Re: Shokidoki wins UEC Cup!

Posted: Sun Nov 22, 2015 8:44 pm
by mar
Congratulations!
Does it mean Shokidoki is current #1? I remember you won a gold medal recently in world championships?
Lima also did very well, only 1 point behind.

I'm surprised that there are no draws, is this specific to mini shogi or was it that gaps between engines were too large? Top engines seem close in strength.

Re: Shokidoki wins UEC Cup!

Posted: Sun Nov 22, 2015 9:19 pm
by Graham Banks
Congratulations. :)

Re: Shokidoki wins UEC Cup!

Posted: Sun Nov 22, 2015 10:26 pm
by Adam Hair
Congratulations H.G.!

Re: Shokidoki wins UEC Cup!

Posted: Sun Nov 22, 2015 11:12 pm
by Gerd Isenberg
Congrats HG.

Is this the official site?

http://minerva.cs.uec.ac.jp/~uec55shogi ... tournament

Re: Shokidoki wins UEC Cup!

Posted: Sun Nov 22, 2015 11:17 pm
by hgm
mar wrote:Congratulations!
Does it mean Shokidoki is current #1? I remember you won a gold medal recently in world championships?
Shokidoki won gold medal at the ICGA Computer Olympiad this year, but there were no Japanese there. In 2013 it won gold in Yokohama, before 1/128 Rigan (which won the UEC Cup in 2010-2014, and gold in the Olympiad of 2010).

Last year 1/128 Rigan lost to Sjaak II, but was still 1 point before Shokidoki and Lima, because it beat both of them, and Shokidoki also lost to Sjaak II and beat Lima. Lima then won the play-offs and ended 3rd. The loss against Rigan that year was my fault, not Shokidoki's. I had made a typo in the opening book, so it came out of the opening after 3 moves with a score of -7.
I'm surprised that there are no draws, is this specific to mini shogi or was it that gaps between engines were too large? Top engines seem close in strength.
The rules of mini-Shogi do not allow draws. After 4-fold repetition white loses, stalemate is a win, and there is no move limit.

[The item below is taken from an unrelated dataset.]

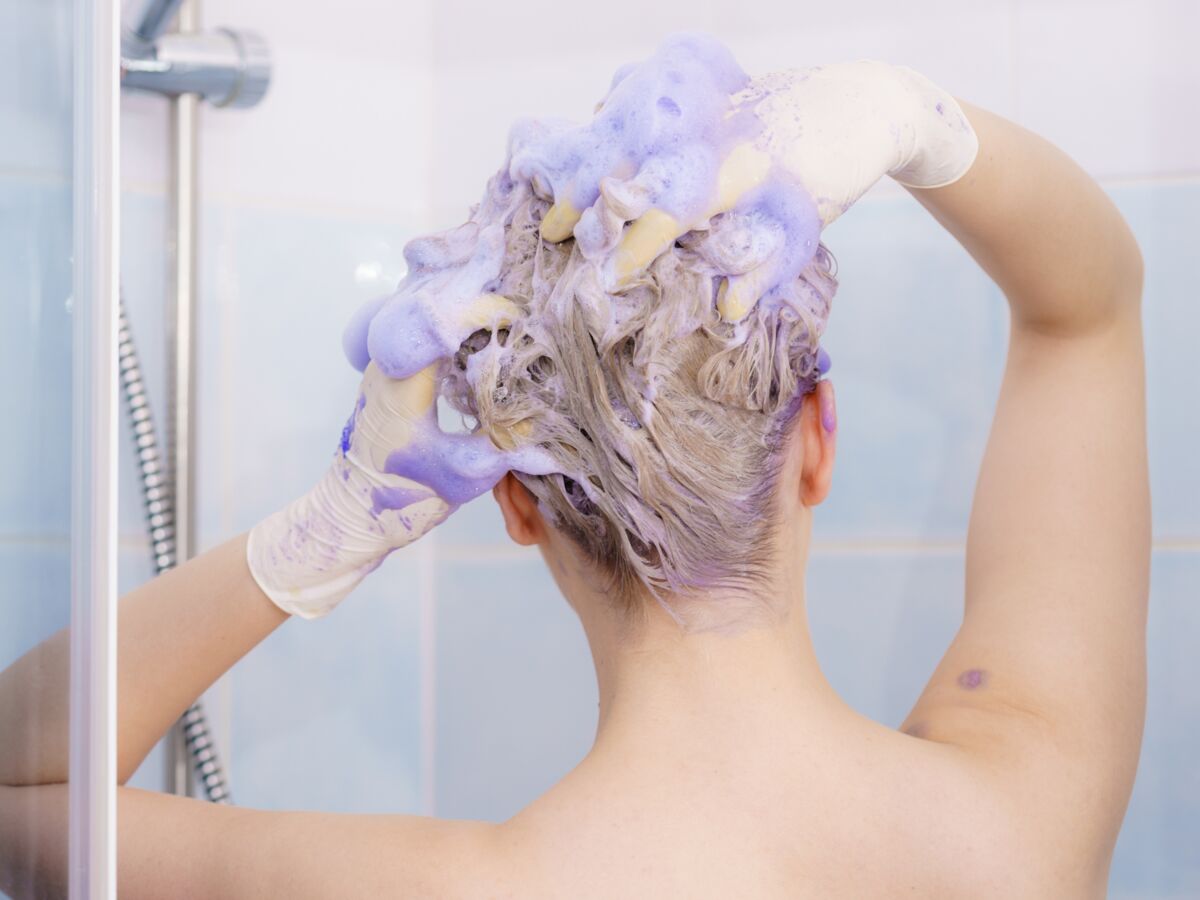 Shampoing violet : pourquoi et comment bien l'utiliser ?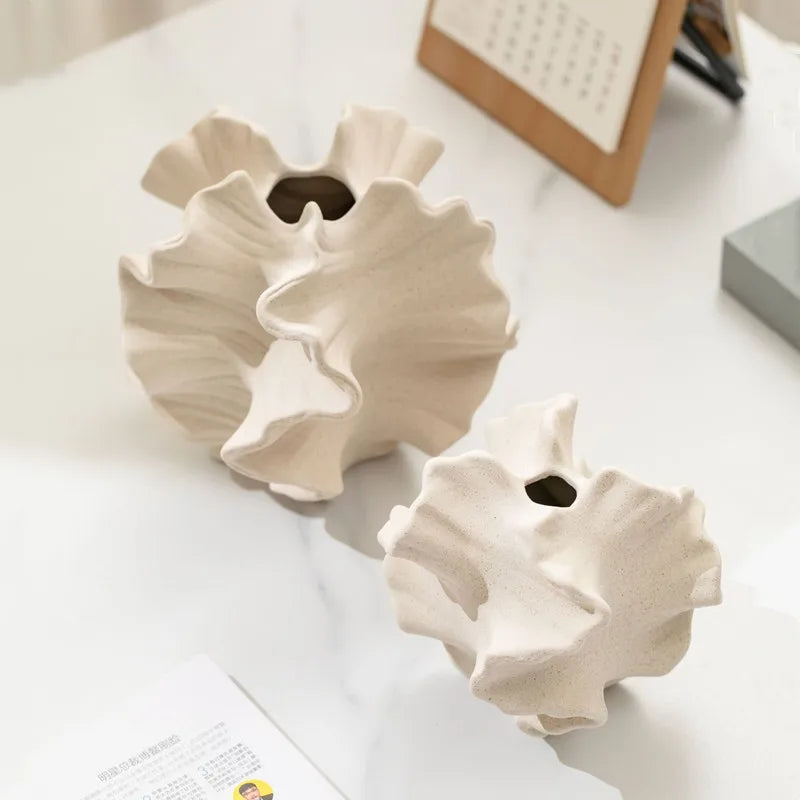 Średni elegancki wazon ceramiczny, ozdoba geometryczna w stylu nowoczesnym. Stylowa rzeźba wnętrz.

Re: Shokidoki wins UEC Cup!

Posted: Mon Nov 23, 2015 3:36 am
by Ferdy
hgm wrote:Finally my mini-Shogi engine Shokidoki managed to win the UEC Cup, which was played this Sunday in Tokyo. It was a close finish: after a 9-round round robin Shokidoki tied with GA-Sho!!!!! for 1st/2nd place with 8 wins/1 loss, while Ferdinand Mosca's program Lima tied with the former long-term champion 1/128 Rigan for 3rd/4th place with 7 wins/2 losses. So playoffs were necessary. In these play-offs Shokidoki beat GA-Sho!!!!! (for the second time, as this was also GA's only loss in the round robin). While 1/128 Rigan beat Lima (although in the round robin it had lost to it and GA, while it had beaten Shokidoki). So the final result was

1) Shokidoki
2) GA-Sho
3) 1/128 Rigan
4) Lima

Tony Hecker's program TJshogi5x5 finished 5th, losing against the top four but beating all others.

Code: Select all

Cross table:

                  S G R L T S K T T B
1.   Shokidoki    # 1 0 1 1 1 1 1 1 1  8
2.   GA-Sho!!!!!! 0 # 1 1 1 1 1 1 1 1  8
3.   1/128 Rigan  1 0 # 0 1 1 1 1 1 1  7
4.   Lima         0 0 1 # 1 1 1 1 1 1  7
5.   TJshogi5x5   0 0 0 0 # 1 1 1 1 1  5
6/7. Sleeping     0 0 0 0 0 # 0 1 1 1  3
6/7. Komachan     0 0 0 0 0 1 # 1 0 1  3
8.   Triple Crown 0 0 0 0 0 0 0 # 1 1  2
9/10.Tokin-Chan   0 0 0 0 0 0 1 0 # 0  1
9/10.Broaden55    0 0 0 0 0 0 0 0 1 #  1
Congrats I knew Shokidoki is very strong and this time finally took the top spot. Missing here are Sjaak and Nebiyu to complete the winboard gang :).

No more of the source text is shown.